Victoria is a ghost town in Bolivar County, Mississippi, United States.

Victoria was a historic port on the Mississippi River, located south of Lake Concordia, approximately 3.8 mi west of Gunnison.

A bend in the Mississippi River at the location of the settlement was named "Victoria Bend", and continues to be known thus. Nothing remains of the settlement, as "changes in the river's course doomed the village to extinction".

==History==

Victoria had mail delivery from 1840 to 1871. A mail route described in official documents in 1841 included—from south to north—the Mississippi River ports of Vicksburg, Nine Mile Reach, Princeton, Egg Point (west of present-day Avon), Bachelor's Bend (south of Greenville), Bolivar, Victoria, Port Royal, Delta, Commerce, and Memphis. A mail route from Victoria east to Locopolis (now a ghost town west of Cowart) was also documented.

The settlement had a tavern in 1840.

Harriet Beecher Stowe included an advertisement published in the Jefferson Inquirer in 1852 in her book A Key to Uncle Tom's Cabin:
ONE HUNDRED DOLLARS REWARD

RAN AWAY from my plantation, in Bolivar County, Miss., a negro man named MAY, aged 40 years, 5 feet 10 or 11 inches high, copper coloured, and very straight; his front teeth are good and stand a little open; stout through the shoulders, and has some scars on his back that show above the skin plain, caused by the whip; he frequently hiccups when eating, if he has not got water handy; he was pursued into Ozark County, Mo., and there left. I will give the above reward for his confinement in jail, so that I can get him.

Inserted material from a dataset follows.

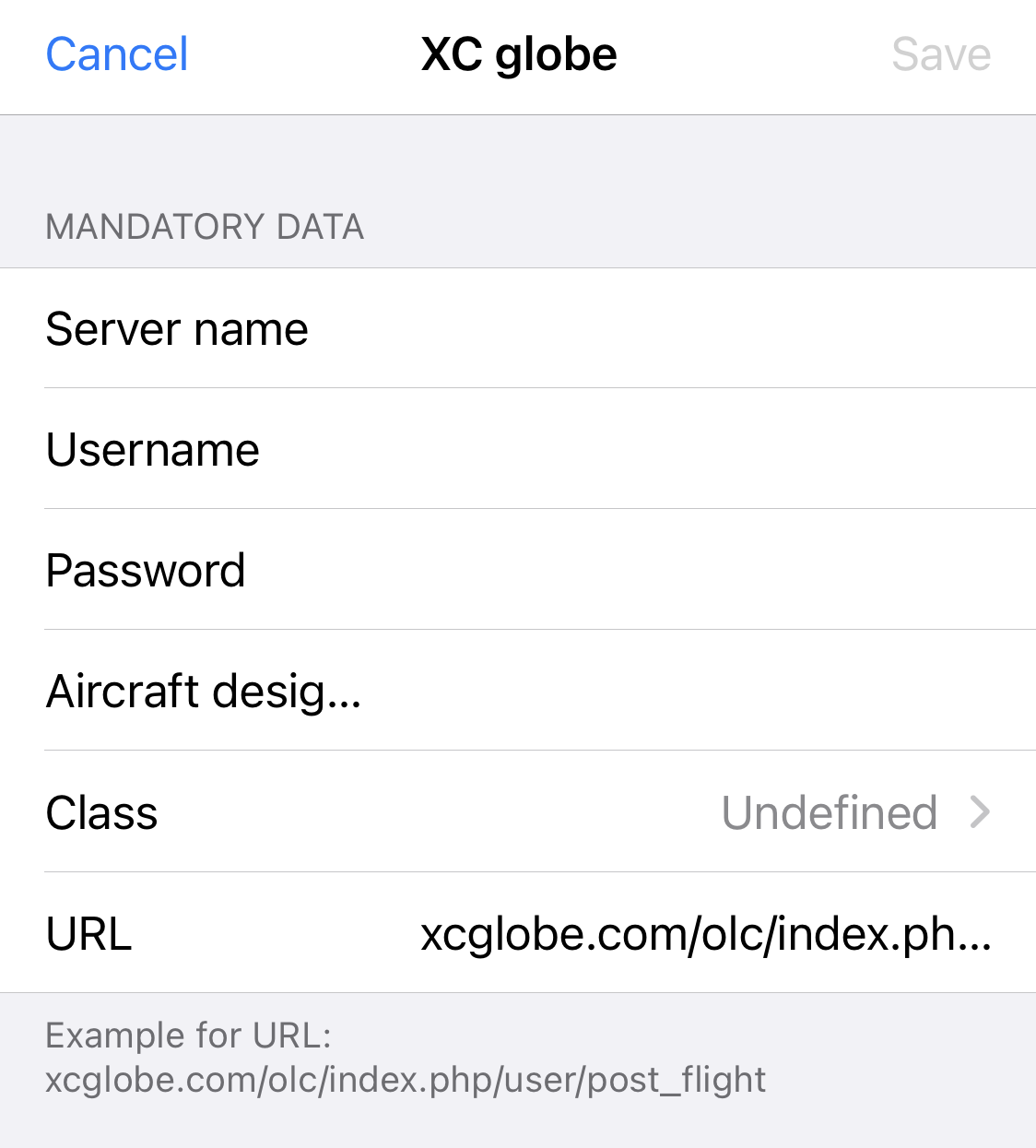 XC globe-Server-Einstellungen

JAMES H. COUSAR, Victoria, Bolivar County, Mississippi.

Stowe added: "delightful master to go back to, this man must be!"

A publication listing game and fish resorts in Mississippi published in 1878 wrote:This county abounds in deer, bears, wild turkeys, ducks, geese, quail, squirrels and other kinds of large and small game. Take Mississippi River Steamer to Bolivar, Victoria or Concordia, thence strike inland. Guides and all necessary information will be found at any of these places.

A road at the former settlement is today called "Victoria Hunting Club Road".